What to produce
Would you please copy only the lines from the line that contains "TOYOTA SIENNA image 3" to the end of the data below, exactly, leaving every picture out?

Working data

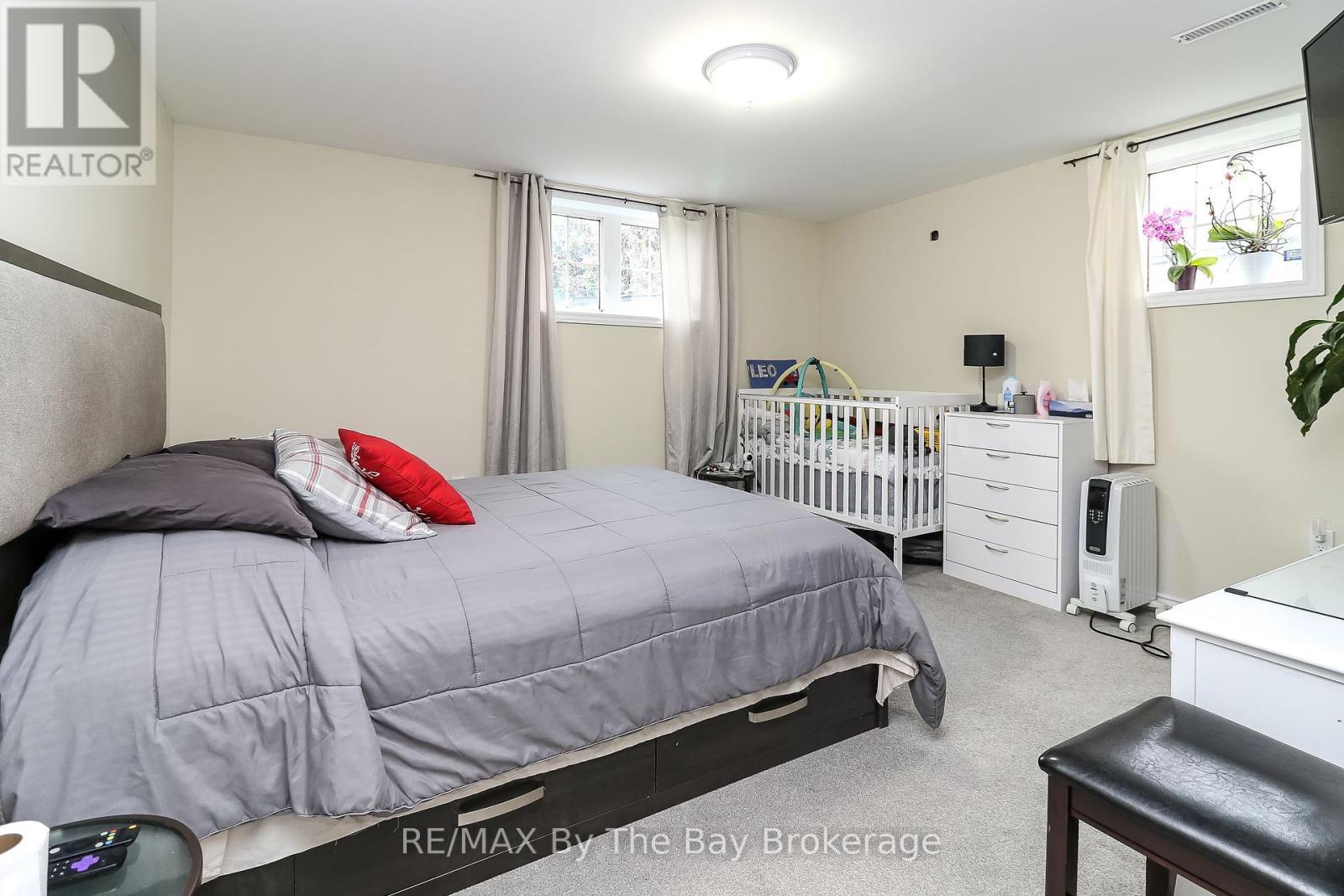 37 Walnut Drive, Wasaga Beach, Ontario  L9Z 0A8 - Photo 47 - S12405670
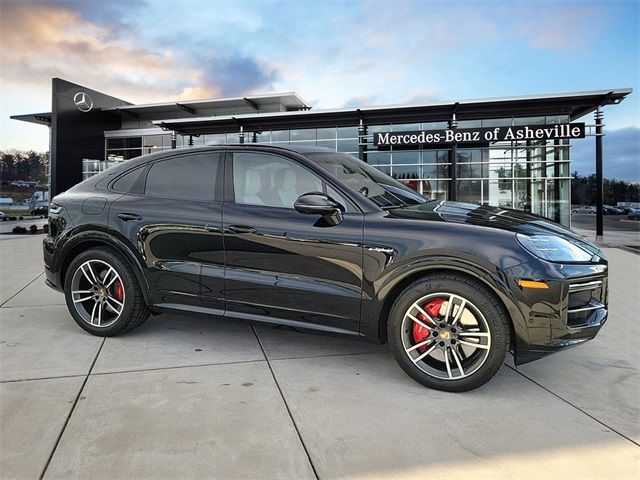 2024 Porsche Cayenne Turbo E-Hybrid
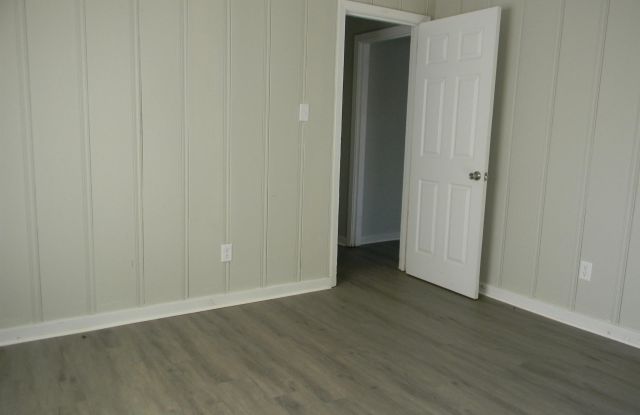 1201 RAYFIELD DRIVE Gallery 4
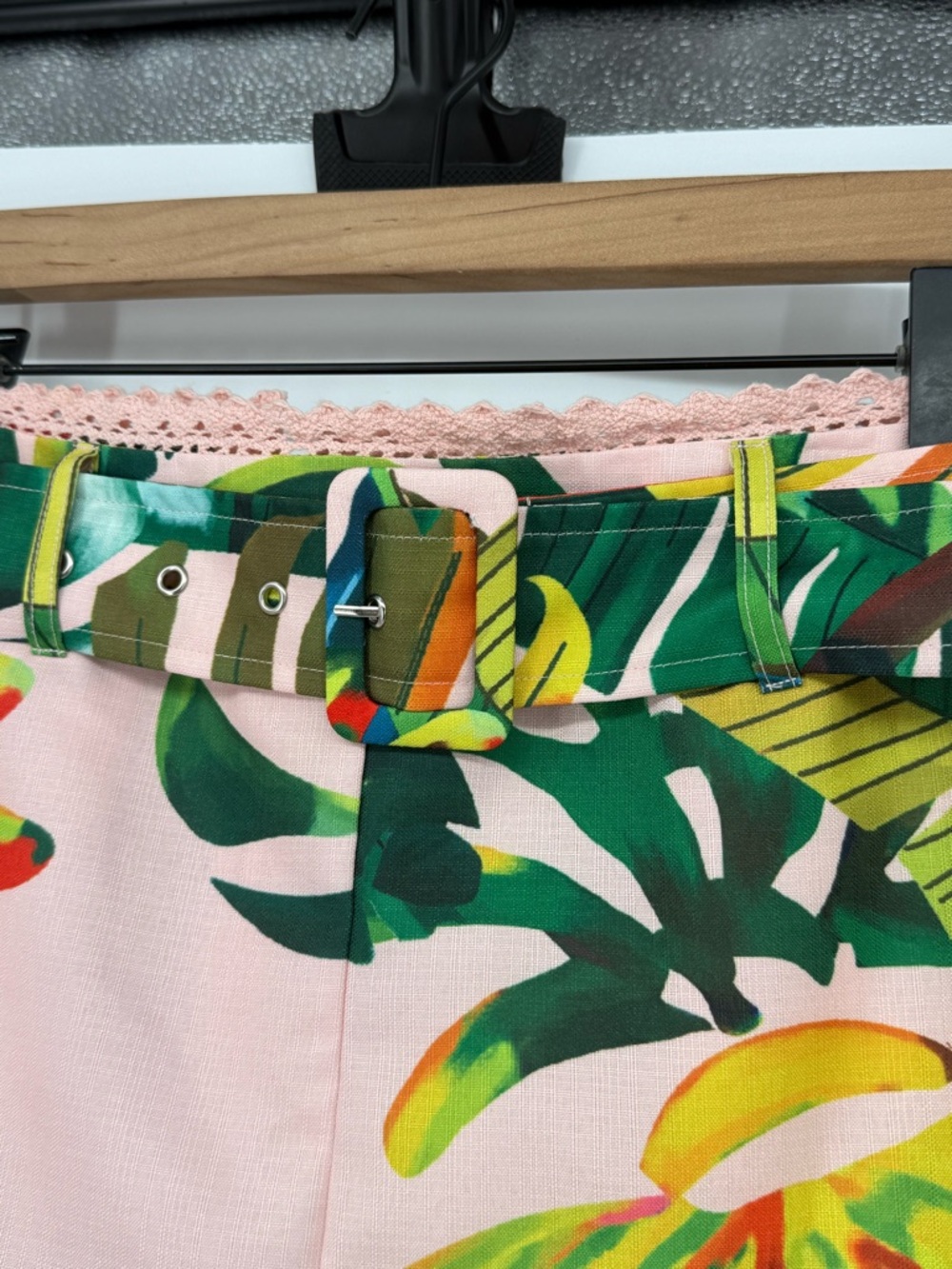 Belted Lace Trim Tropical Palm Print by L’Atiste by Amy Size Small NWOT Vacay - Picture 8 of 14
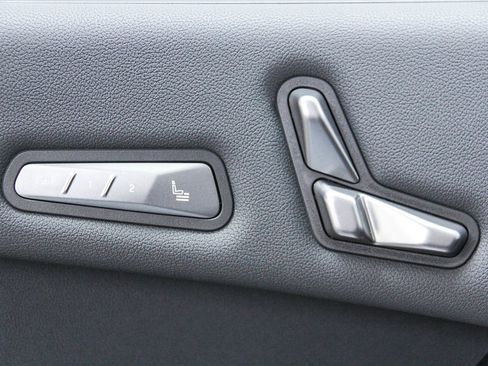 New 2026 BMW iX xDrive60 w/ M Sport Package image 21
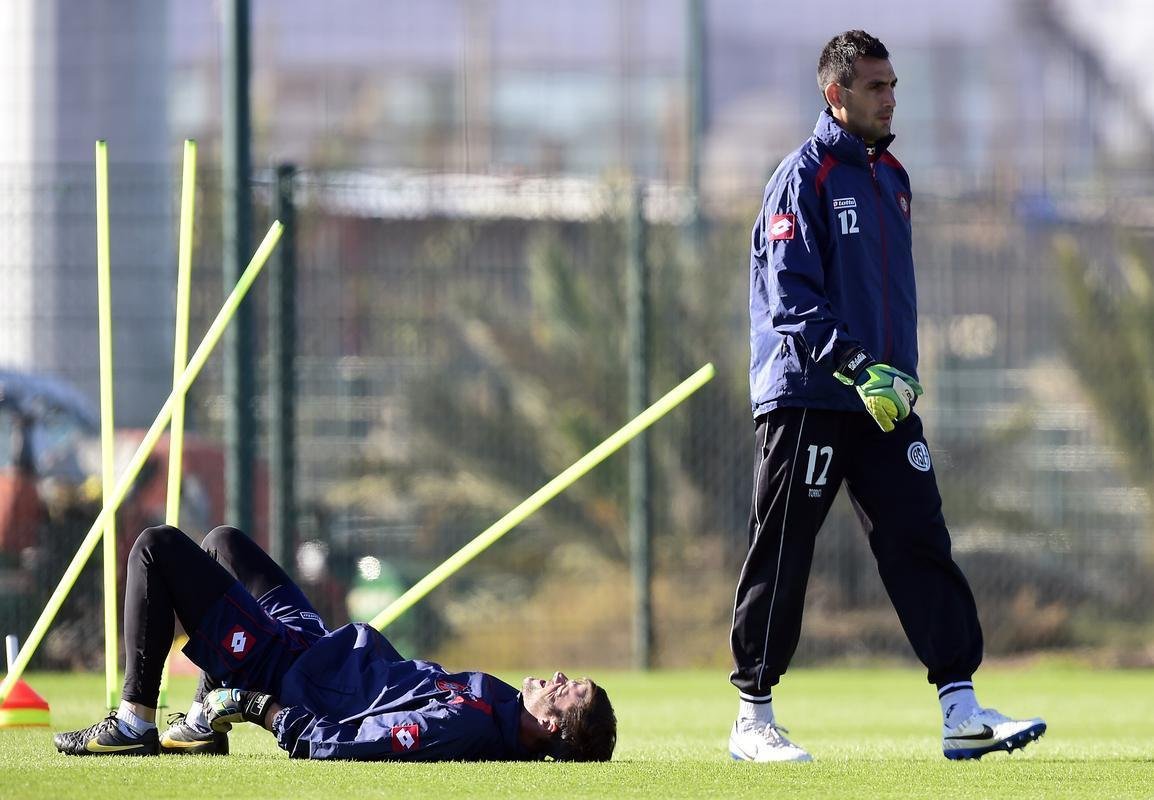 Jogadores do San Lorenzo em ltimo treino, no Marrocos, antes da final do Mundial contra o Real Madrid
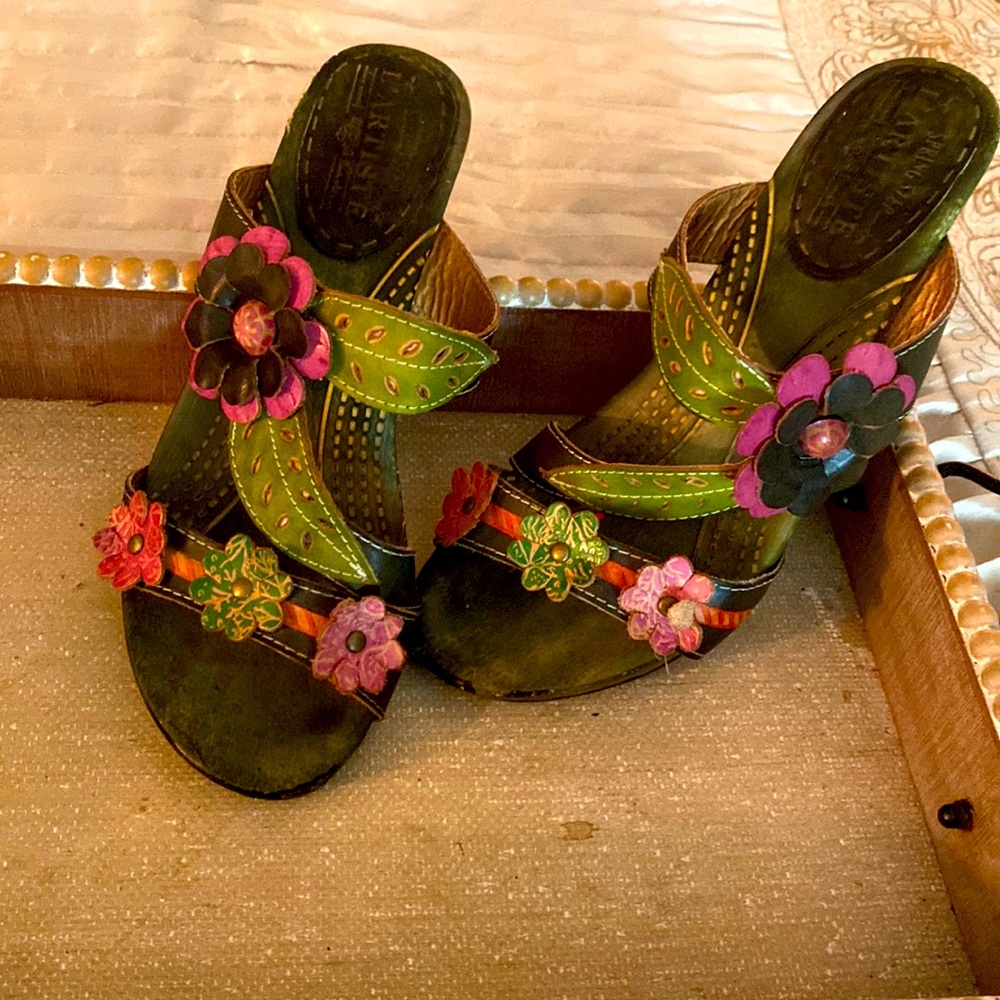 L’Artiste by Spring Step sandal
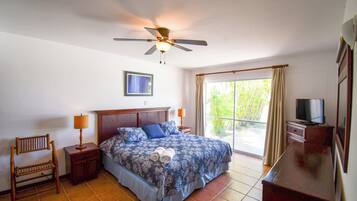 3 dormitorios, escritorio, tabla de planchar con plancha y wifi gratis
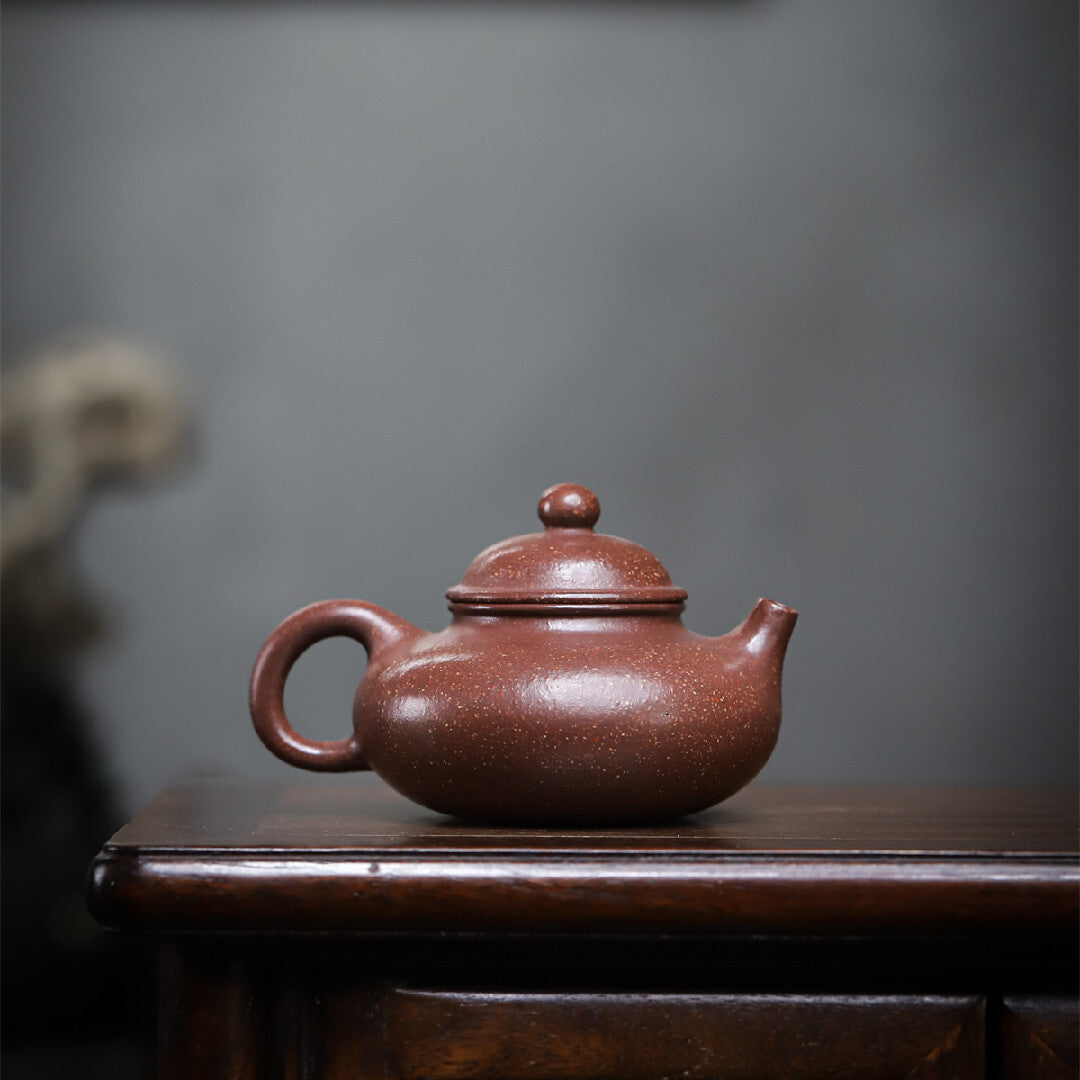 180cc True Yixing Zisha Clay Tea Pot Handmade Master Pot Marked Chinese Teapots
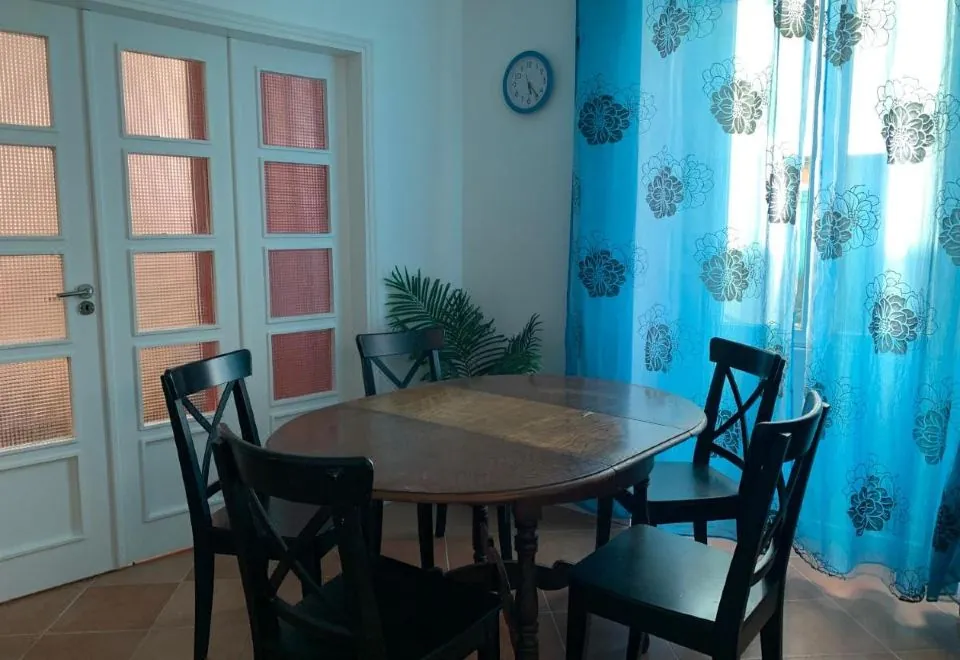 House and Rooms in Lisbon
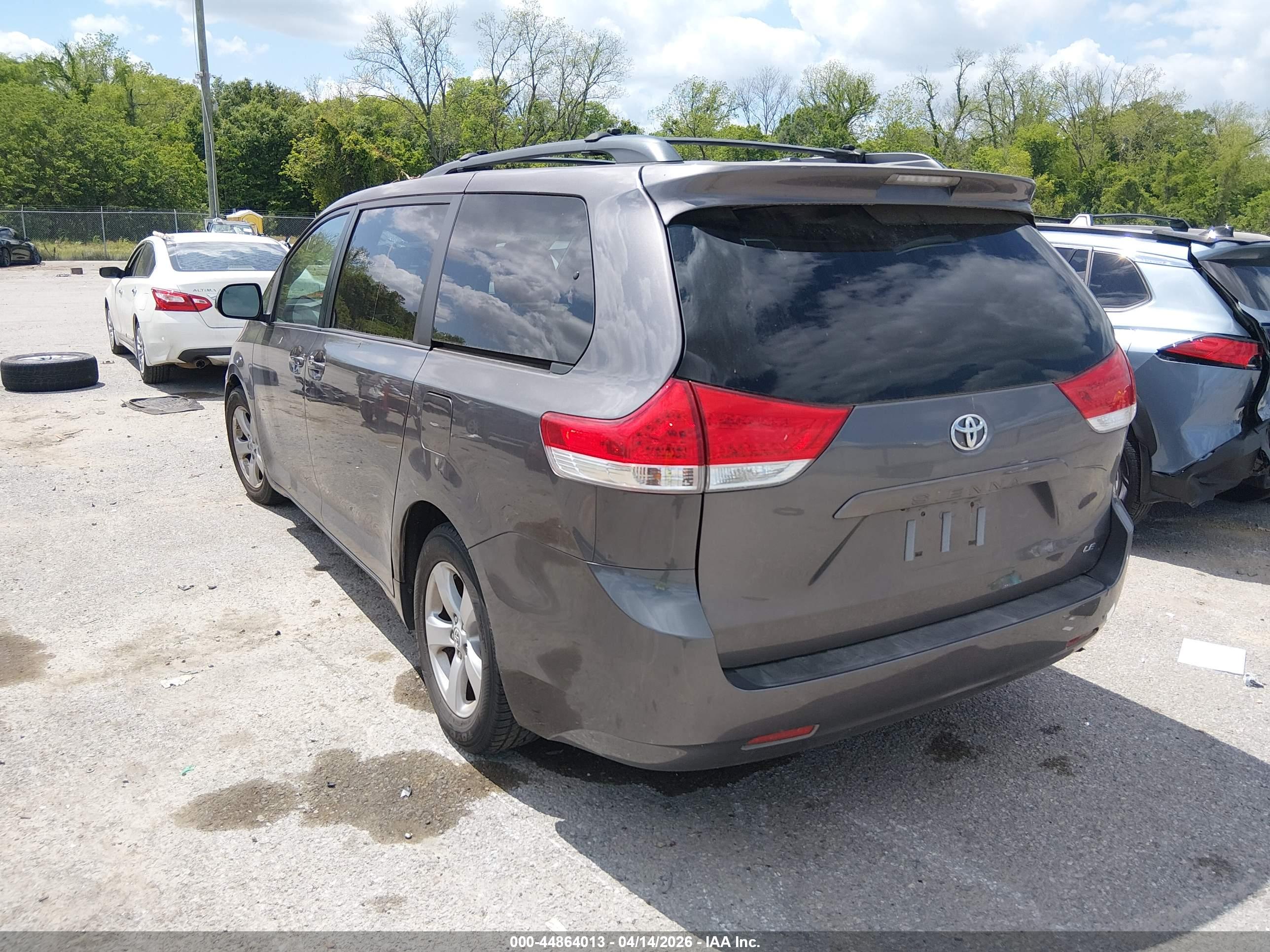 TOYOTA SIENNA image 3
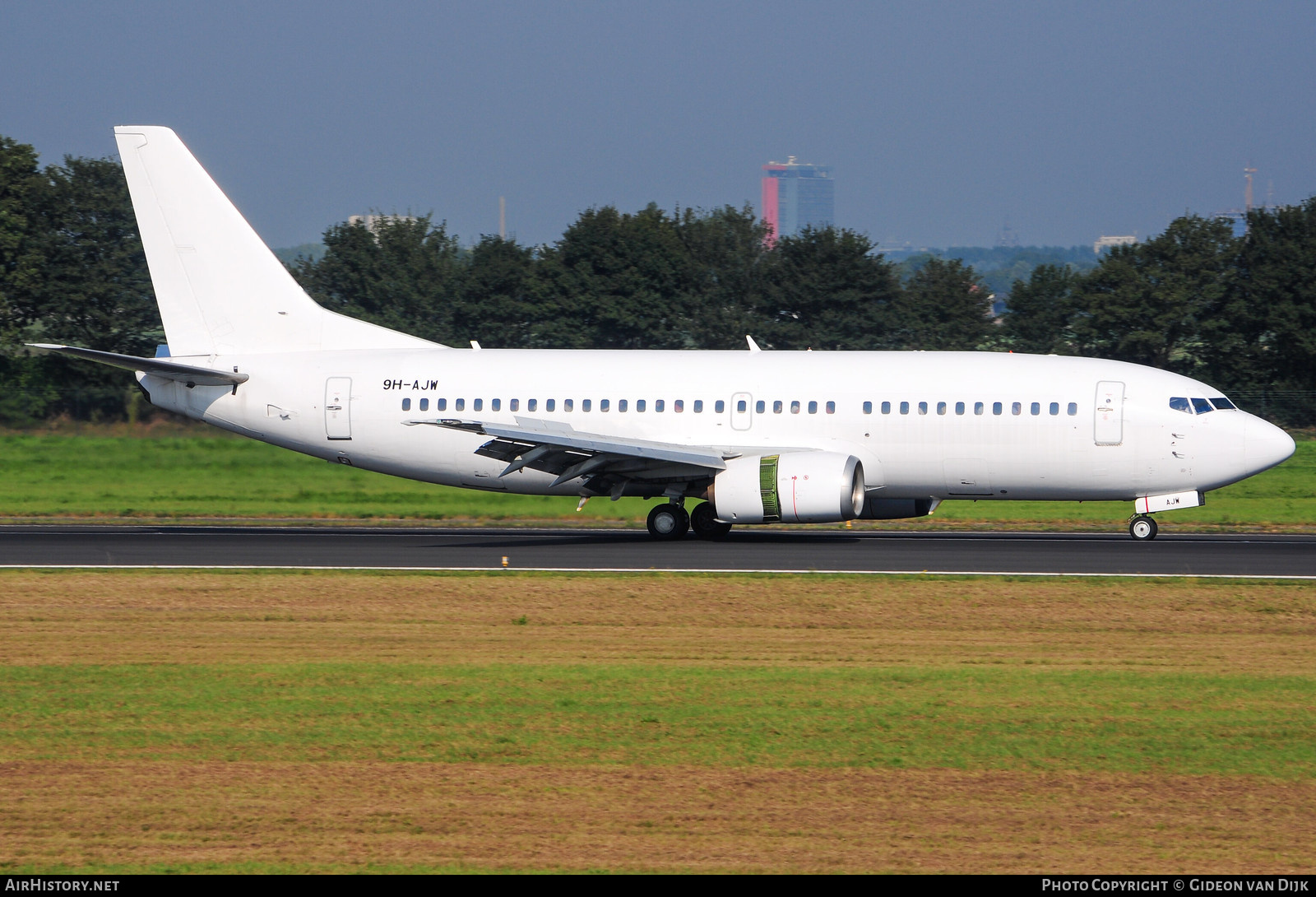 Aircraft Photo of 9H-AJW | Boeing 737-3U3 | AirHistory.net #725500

Reply
 TOYOTA SIENNA image 3
 Aircraft Photo of 9H-AJW | Boeing 737-3U3 | AirHistory.net #725500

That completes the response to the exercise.